AIM OF THE EXERCISE: Each record should be written out exactly as given.

INPUT RECORDS:
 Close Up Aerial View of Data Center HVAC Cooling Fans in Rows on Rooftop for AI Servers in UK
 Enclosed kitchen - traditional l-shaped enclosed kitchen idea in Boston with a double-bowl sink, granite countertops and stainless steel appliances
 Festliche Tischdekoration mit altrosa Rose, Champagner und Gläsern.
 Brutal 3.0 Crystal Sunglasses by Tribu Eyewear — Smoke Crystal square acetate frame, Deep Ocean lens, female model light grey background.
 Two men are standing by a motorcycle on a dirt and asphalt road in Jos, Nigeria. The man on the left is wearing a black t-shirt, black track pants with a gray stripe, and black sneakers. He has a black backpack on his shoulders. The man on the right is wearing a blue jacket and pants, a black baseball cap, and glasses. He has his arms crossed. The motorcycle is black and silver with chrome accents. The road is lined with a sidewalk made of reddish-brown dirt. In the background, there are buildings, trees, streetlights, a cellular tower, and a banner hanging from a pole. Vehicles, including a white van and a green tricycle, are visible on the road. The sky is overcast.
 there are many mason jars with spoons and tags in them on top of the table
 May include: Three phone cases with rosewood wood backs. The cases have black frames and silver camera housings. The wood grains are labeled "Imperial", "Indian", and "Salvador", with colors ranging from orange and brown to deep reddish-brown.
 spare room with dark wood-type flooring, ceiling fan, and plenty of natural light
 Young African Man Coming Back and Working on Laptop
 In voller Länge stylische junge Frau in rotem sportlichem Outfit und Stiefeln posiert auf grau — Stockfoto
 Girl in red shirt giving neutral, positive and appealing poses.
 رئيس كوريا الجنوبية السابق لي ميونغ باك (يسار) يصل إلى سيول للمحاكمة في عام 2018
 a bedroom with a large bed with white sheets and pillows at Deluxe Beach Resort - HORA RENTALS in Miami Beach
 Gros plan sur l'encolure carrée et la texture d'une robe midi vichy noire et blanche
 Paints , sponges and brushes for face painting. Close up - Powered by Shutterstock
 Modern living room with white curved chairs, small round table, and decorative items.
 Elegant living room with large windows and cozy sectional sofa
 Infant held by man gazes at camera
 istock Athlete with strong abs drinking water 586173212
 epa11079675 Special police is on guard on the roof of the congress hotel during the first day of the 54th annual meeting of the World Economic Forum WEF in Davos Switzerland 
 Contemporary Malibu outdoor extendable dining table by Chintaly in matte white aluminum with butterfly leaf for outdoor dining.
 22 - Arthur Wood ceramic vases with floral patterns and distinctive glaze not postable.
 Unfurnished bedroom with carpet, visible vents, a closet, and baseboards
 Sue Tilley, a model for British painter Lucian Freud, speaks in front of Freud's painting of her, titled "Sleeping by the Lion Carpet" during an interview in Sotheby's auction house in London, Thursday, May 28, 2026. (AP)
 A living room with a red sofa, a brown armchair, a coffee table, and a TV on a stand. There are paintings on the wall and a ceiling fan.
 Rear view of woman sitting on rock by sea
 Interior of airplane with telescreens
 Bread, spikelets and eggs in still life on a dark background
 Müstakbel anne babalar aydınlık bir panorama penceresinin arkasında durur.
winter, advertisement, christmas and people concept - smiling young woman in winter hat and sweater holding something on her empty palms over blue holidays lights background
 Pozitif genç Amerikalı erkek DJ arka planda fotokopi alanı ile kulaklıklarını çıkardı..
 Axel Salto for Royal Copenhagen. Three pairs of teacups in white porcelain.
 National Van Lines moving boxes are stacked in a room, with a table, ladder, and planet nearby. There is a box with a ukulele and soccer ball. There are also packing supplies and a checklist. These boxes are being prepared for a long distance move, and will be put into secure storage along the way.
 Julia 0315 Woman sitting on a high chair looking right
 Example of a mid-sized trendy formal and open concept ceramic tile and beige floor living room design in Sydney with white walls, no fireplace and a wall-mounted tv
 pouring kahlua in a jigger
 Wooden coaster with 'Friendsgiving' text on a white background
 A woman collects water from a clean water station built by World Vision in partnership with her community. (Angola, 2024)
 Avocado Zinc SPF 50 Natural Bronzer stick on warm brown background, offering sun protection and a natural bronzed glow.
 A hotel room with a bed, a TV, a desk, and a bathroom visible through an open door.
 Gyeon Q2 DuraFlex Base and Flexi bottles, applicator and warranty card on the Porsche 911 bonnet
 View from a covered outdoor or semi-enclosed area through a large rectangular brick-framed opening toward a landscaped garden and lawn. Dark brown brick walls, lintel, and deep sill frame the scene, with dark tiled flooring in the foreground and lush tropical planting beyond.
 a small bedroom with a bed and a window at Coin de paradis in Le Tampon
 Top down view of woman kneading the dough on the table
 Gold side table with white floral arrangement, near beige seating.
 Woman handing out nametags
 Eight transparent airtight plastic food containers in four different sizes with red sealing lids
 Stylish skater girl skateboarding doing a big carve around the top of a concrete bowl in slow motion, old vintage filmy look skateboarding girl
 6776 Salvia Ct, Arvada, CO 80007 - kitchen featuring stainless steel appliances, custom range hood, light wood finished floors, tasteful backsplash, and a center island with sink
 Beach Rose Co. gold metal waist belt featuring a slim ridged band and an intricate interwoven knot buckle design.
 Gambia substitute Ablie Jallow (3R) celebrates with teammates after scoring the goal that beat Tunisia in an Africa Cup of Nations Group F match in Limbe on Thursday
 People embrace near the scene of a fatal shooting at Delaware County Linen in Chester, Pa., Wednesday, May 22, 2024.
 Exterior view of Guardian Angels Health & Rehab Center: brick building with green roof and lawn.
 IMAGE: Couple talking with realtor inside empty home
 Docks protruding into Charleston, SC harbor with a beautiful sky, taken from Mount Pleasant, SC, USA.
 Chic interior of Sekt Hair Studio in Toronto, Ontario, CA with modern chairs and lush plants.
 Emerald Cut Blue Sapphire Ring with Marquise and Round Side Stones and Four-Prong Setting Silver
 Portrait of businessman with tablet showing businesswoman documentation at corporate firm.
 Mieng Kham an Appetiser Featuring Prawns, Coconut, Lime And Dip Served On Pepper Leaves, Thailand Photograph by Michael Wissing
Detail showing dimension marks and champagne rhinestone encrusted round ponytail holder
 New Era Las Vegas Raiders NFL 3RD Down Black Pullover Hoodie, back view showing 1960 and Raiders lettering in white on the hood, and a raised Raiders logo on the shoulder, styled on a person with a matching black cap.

RESPONSE TO THE EXERCISE:
 Close Up Aerial View of Data Center HVAC Cooling Fans in Rows on Rooftop for AI Servers in UK
 Enclosed kitchen - traditional l-shaped enclosed kitchen idea in Boston with a double-bowl sink, granite countertops and stainless steel appliances
 Festliche Tischdekoration mit altrosa Rose, Champagner und Gläsern.
 Brutal 3.0 Crystal Sunglasses by Tribu Eyewear — Smoke Crystal square acetate frame, Deep Ocean lens, female model light grey background.
 Two men are standing by a motorcycle on a dirt and asphalt road in Jos, Nigeria. The man on the left is wearing a black t-shirt, black track pants with a gray stripe, and black sneakers. He has a black backpack on his shoulders. The man on the right is wearing a blue jacket and pants, a black baseball cap, and glasses. He has his arms crossed. The motorcycle is black and silver with chrome accents. The road is lined with a sidewalk made of reddish-brown dirt. In the background, there are buildings, trees, streetlights, a cellular tower, and a banner hanging from a pole. Vehicles, including a white van and a green tricycle, are visible on the road. The sky is overcast.
 there are many mason jars with spoons and tags in them on top of the table
 May include: Three phone cases with rosewood wood backs. The cases have black frames and silver camera housings. The wood grains are labeled "Imperial", "Indian", and "Salvador", with colors ranging from orange and brown to deep reddish-brown.
 spare room with dark wood-type flooring, ceiling fan, and plenty of natural light
 Young African Man Coming Back and Working on Laptop
 In voller Länge stylische junge Frau in rotem sportlichem Outfit und Stiefeln posiert auf grau — Stockfoto
 Girl in red shirt giving neutral, positive and appealing poses.
 رئيس كوريا الجنوبية السابق لي ميونغ باك (يسار) يصل إلى سيول للمحاكمة في عام 2018
 a bedroom with a large bed with white sheets and pillows at Deluxe Beach Resort - HORA RENTALS in Miami Beach
 Gros plan sur l'encolure carrée et la texture d'une robe midi vichy noire et blanche
 Paints , sponges and brushes for face painting. Close up - Powered by Shutterstock
 Modern living room with white curved chairs, small round table, and decorative items.
 Elegant living room with large windows and cozy sectional sofa
 Infant held by man gazes at camera
 istock Athlete with strong abs drinking water 586173212
 epa11079675 Special police is on guard on the roof of the congress hotel during the first day of the 54th annual meeting of the World Economic Forum WEF in Davos Switzerland 
 Contemporary Malibu outdoor extendable dining table by Chintaly in matte white aluminum with butterfly leaf for outdoor dining.
 22 - Arthur Wood ceramic vases with floral patterns and distinctive glaze not postable.
 Unfurnished bedroom with carpet, visible vents, a closet, and baseboards
 Sue Tilley, a model for British painter Lucian Freud, speaks in front of Freud's painting of her, titled "Sleeping by the Lion Carpet" during an interview in Sotheby's auction house in London, Thursday, May 28, 2026. (AP)
 A living room with a red sofa, a brown armchair, a coffee table, and a TV on a stand. There are paintings on the wall and a ceiling fan.
 Rear view of woman sitting on rock by sea
 Interior of airplane with telescreens
 Bread, spikelets and eggs in still life on a dark background
 Müstakbel anne babalar aydınlık bir panorama penceresinin arkasında durur.
winter, advertisement, christmas and people concept - smiling young woman in winter hat and sweater holding something on her empty palms over blue holidays lights background
 Pozitif genç Amerikalı erkek DJ arka planda fotokopi alanı ile kulaklıklarını çıkardı..
 Axel Salto for Royal Copenhagen. Three pairs of teacups in white porcelain.
 National Van Lines moving boxes are stacked in a room, with a table, ladder, and planet nearby. There is a box with a ukulele and soccer ball. There are also packing supplies and a checklist. These boxes are being prepared for a long distance move, and will be put into secure storage along the way.
 Julia 0315 Woman sitting on a high chair looking right
 Example of a mid-sized trendy formal and open concept ceramic tile and beige floor living room design in Sydney with white walls, no fireplace and a wall-mounted tv
 pouring kahlua in a jigger
 Wooden coaster with 'Friendsgiving' text on a white background
 A woman collects water from a clean water station built by World Vision in partnership with her community. (Angola, 2024)
 Avocado Zinc SPF 50 Natural Bronzer stick on warm brown background, offering sun protection and a natural bronzed glow.
 A hotel room with a bed, a TV, a desk, and a bathroom visible through an open door.
 Gyeon Q2 DuraFlex Base and Flexi bottles, applicator and warranty card on the Porsche 911 bonnet
 View from a covered outdoor or semi-enclosed area through a large rectangular brick-framed opening toward a landscaped garden and lawn. Dark brown brick walls, lintel, and deep sill frame the scene, with dark tiled flooring in the foreground and lush tropical planting beyond.
 a small bedroom with a bed and a window at Coin de paradis in Le Tampon
 Top down view of woman kneading the dough on the table
 Gold side table with white floral arrangement, near beige seating.
 Woman handing out nametags
 Eight transparent airtight plastic food containers in four different sizes with red sealing lids
 Stylish skater girl skateboarding doing a big carve around the top of a concrete bowl in slow motion, old vintage filmy look skateboarding girl
 6776 Salvia Ct, Arvada, CO 80007 - kitchen featuring stainless steel appliances, custom range hood, light wood finished floors, tasteful backsplash, and a center island with sink
 Beach Rose Co. gold metal waist belt featuring a slim ridged band and an intricate interwoven knot buckle design.
 Gambia substitute Ablie Jallow (3R) celebrates with teammates after scoring the goal that beat Tunisia in an Africa Cup of Nations Group F match in Limbe on Thursday
 People embrace near the scene of a fatal shooting at Delaware County Linen in Chester, Pa., Wednesday, May 22, 2024.
 Exterior view of Guardian Angels Health & Rehab Center: brick building with green roof and lawn.
 IMAGE: Couple talking with realtor inside empty home
 Docks protruding into Charleston, SC harbor with a beautiful sky, taken from Mount Pleasant, SC, USA.
 Chic interior of Sekt Hair Studio in Toronto, Ontario, CA with modern chairs and lush plants.
 Emerald Cut Blue Sapphire Ring with Marquise and Round Side Stones and Four-Prong Setting Silver
 Portrait of businessman with tablet showing businesswoman documentation at corporate firm.
 Mieng Kham an Appetiser Featuring Prawns, Coconut, Lime And Dip Served On Pepper Leaves, Thailand Photograph by Michael Wissing
Detail showing dimension marks and champagne rhinestone encrusted round ponytail holder
 New Era Las Vegas Raiders NFL 3RD Down Black Pullover Hoodie, back view showing 1960 and Raiders lettering in white on the hood, and a raised Raiders logo on the shoulder, styled on a person with a matching black cap.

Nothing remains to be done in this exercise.